INSTRUCTIONS TO FOLLOW - Give back the material word for word, every line included.

DATA FOR THIS EXERCISE -
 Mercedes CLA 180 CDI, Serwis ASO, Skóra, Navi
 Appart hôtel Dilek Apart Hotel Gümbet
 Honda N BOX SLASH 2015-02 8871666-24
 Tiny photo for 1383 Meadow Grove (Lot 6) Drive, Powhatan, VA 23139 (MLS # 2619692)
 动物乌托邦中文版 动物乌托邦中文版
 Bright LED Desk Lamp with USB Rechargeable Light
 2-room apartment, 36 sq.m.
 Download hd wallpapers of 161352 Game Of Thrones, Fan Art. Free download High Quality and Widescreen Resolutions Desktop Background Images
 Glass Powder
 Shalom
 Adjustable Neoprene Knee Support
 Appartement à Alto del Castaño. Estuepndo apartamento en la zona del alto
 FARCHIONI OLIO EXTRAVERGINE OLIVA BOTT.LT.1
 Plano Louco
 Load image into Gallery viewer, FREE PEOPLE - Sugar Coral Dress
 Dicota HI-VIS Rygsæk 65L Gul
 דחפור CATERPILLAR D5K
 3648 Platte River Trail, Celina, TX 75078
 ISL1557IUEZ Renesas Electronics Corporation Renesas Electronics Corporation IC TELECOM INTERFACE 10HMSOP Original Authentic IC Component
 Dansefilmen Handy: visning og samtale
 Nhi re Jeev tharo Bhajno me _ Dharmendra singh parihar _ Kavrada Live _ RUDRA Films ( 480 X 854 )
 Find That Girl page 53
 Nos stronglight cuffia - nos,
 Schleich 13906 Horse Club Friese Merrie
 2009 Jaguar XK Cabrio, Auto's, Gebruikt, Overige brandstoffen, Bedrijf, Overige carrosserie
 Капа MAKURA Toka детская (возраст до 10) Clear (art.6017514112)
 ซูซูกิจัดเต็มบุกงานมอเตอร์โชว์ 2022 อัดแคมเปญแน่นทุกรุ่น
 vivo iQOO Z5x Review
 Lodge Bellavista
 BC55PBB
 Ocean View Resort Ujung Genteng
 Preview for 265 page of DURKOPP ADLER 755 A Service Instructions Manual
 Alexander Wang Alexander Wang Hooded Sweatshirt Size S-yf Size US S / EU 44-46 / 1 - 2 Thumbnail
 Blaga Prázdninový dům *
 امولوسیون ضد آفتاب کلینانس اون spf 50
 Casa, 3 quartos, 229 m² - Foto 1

EXPECTED ANSWER -
 Mercedes CLA 180 CDI, Serwis ASO, Skóra, Navi
 Appart hôtel Dilek Apart Hotel Gümbet
 Honda N BOX SLASH 2015-02 8871666-24
 Tiny photo for 1383 Meadow Grove (Lot 6) Drive, Powhatan, VA 23139 (MLS # 2619692)
 动物乌托邦中文版 动物乌托邦中文版
 Bright LED Desk Lamp with USB Rechargeable Light
 2-room apartment, 36 sq.m.
 Download hd wallpapers of 161352 Game Of Thrones, Fan Art. Free download High Quality and Widescreen Resolutions Desktop Background Images
 Glass Powder
 Shalom
 Adjustable Neoprene Knee Support
 Appartement à Alto del Castaño. Estuepndo apartamento en la zona del alto
 FARCHIONI OLIO EXTRAVERGINE OLIVA BOTT.LT.1
 Plano Louco
 Load image into Gallery viewer, FREE PEOPLE - Sugar Coral Dress
 Dicota HI-VIS Rygsæk 65L Gul
 דחפור CATERPILLAR D5K
 3648 Platte River Trail, Celina, TX 75078
 ISL1557IUEZ Renesas Electronics Corporation Renesas Electronics Corporation IC TELECOM INTERFACE 10HMSOP Original Authentic IC Component
 Dansefilmen Handy: visning og samtale
 Nhi re Jeev tharo Bhajno me _ Dharmendra singh parihar _ Kavrada Live _ RUDRA Films ( 480 X 854 )
 Find That Girl page 53
 Nos stronglight cuffia - nos,
 Schleich 13906 Horse Club Friese Merrie
 2009 Jaguar XK Cabrio, Auto's, Gebruikt, Overige brandstoffen, Bedrijf, Overige carrosserie
 Капа MAKURA Toka детская (возраст до 10) Clear (art.6017514112)
 ซูซูกิจัดเต็มบุกงานมอเตอร์โชว์ 2022 อัดแคมเปญแน่นทุกรุ่น
 vivo iQOO Z5x Review
 Lodge Bellavista
 BC55PBB
 Ocean View Resort Ujung Genteng
 Preview for 265 page of DURKOPP ADLER 755 A Service Instructions Manual
 Alexander Wang Alexander Wang Hooded Sweatshirt Size S-yf Size US S / EU 44-46 / 1 - 2 Thumbnail
 Blaga Prázdninový dům *
 امولوسیون ضد آفتاب کلینانس اون spf 50
 Casa, 3 quartos, 229 m² - Foto 1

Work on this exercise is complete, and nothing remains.